The Cats limited Coppin State to one basket in nearly the first 13 minutes. During that span, Coppin State got eight shots on the rim.
"Superb defense," Smith said of limiting Coppin State to 24 percent shooting in the first half and 33.3 percent for the game.
What it seemed to confirm was the hype heaped on Kentucky's freshmen. In particular, guard Rajon Rondo excelled in his UK debut. His 21 minutes were filled with memorable plays, be it five steals (as many as UK had in nine games last season) or crashing to the floor when undercut going up for a lob dunk.
"I got a scouting report on him at Cracker Barrel (on Friday)," Coppin State Coach Ron "Fang" Mitchell said of Rondo. "A guy told me: real quick, causes problems with his defense. That was right before my fried chicken came.
"The guy was correct."
The only thing Rondo didn't do was talk to the media after the game about his play. Smith has put the freshmen off limits to reporters.
"I like (to wait) till they are able to handle themselves," the UK coach said when asked about the ban.
Popular press room theories had Smith fretting about glowing media coverage on the freshmen causing fissures among teammates. Or he wanted to keep the first-year players grounded.
Whatever the reason, the veterans filled the void.
Asked what it was like to play against Rondo in practice, junior Ravi Moss said, "I hate it. I don't like it. He's active. You can't be lazy or lackadaisical because he'll be in the passing lane."
Smith, who seemed intent on halting any runaway enthusiasm generated by the opener, pointed out areas in need of improvement. The Cats didn't finish plays around the basket. Hayes, who made only two of nine shots, pleaded guilty. "I was overly excited," he said. "I didn't take my time. I rushed."

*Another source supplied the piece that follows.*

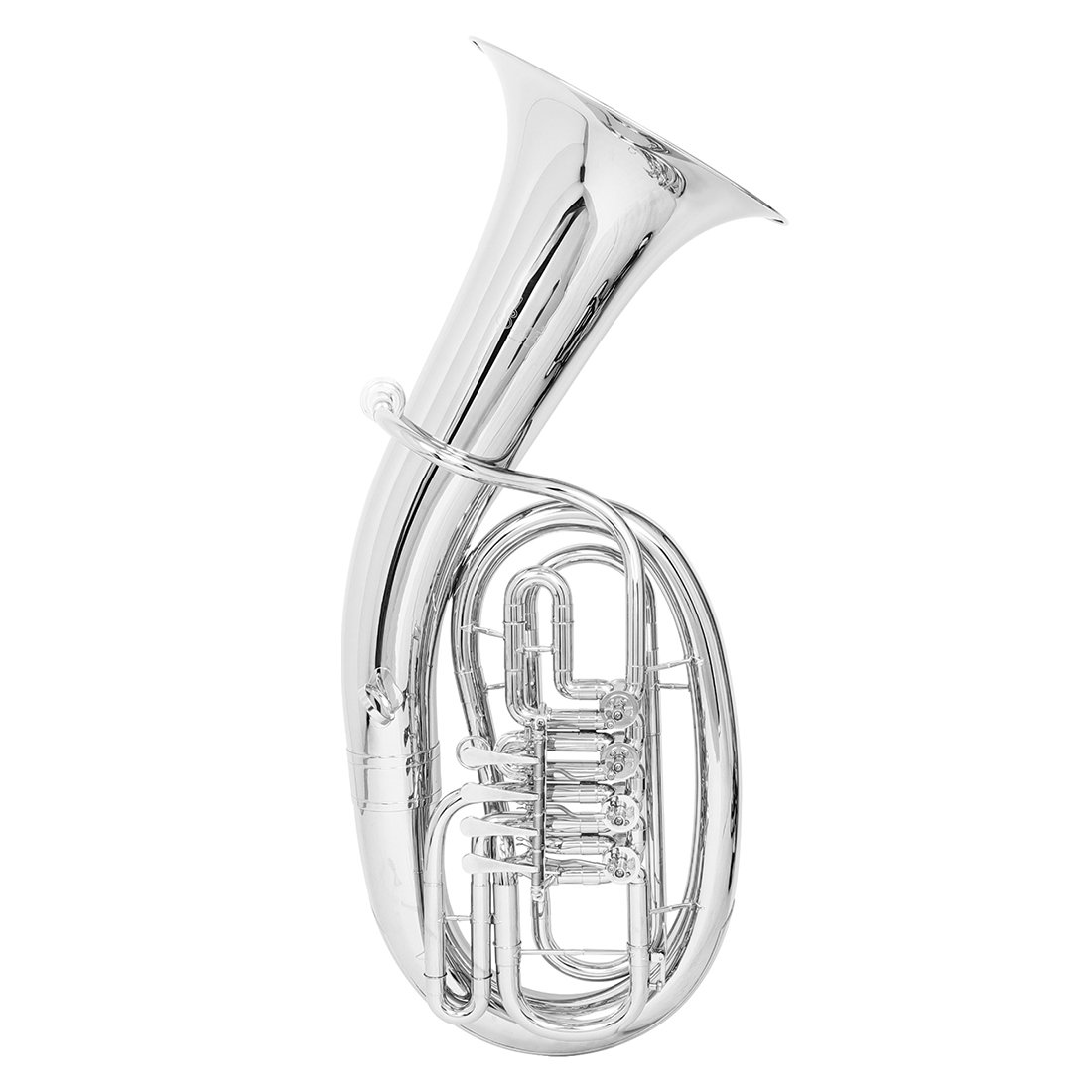 Euphonium SLADE z 4 zaworami o – Musical Instrument Horn recenzja i cena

Smith noted the unfilled need to make the extra pass. Of UK's 17 assists, the coach said, "I thought we should have had 30."
Even Rondo's play caused the UK coach to grumble about the freshman's knack for successfully gambling for steals.

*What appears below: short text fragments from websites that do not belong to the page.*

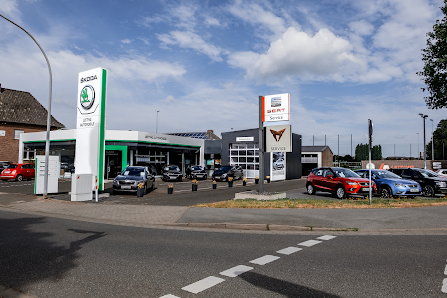 Leiting Automobile GmbH / ŠKODA-Vertragshändler und CUPRA- und SEAT-Service-Partner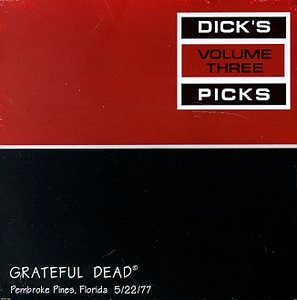 Dick's Picks, Vol. 3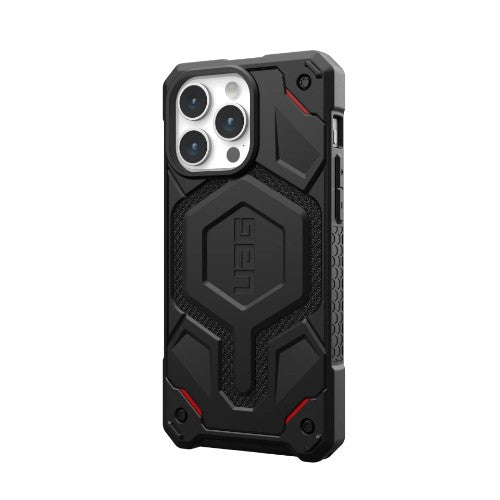 Urban Armor Gear 114222113940 mobile phone case 17 cm (6.7") Cover Black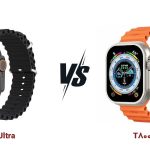 مقایسه ساعت هوشمند T900 Ultra و T800 Ultra | کدام انتخاب منطقی‌تر است؟|بدنه‌ی T900 Ultra از استیل ضدزنگ|T900 Ultra با باتری ۲۳۰ میلی‌آمپرساعت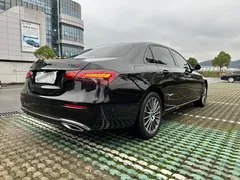 2023 Mercedes-Benz E-Class E 260 L, чёрный — фото 18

"A very good player has to be careful with that," Smith said. "You can get in a bad habit of thinking you do that all the time and you really can't. We gave up a couple buckets because you reached and gambled."
Rondo spearheaded a pressing defense that quickly took Coppin State out of the game. With a trapping, pressing defense that evoked the days of Rick Pitino's full-court pressure, the Cats trapped Coppin State's first two inbounds passes. The traps yielded steals. Patrick Sparks hit a three-pointer on the first. The second didn't translate into points, but it helped set a tone.
"This was one of the rare times I saw one of my teams play with fear," the Coppin State coach said.
Kentucky's pressure disrupted Mitchell's plan to slow the tempo by milking the shot clock and playing zone defense.
Even with Hayes and Azubuike misfiring more than usual, the outcome seemed inevitable.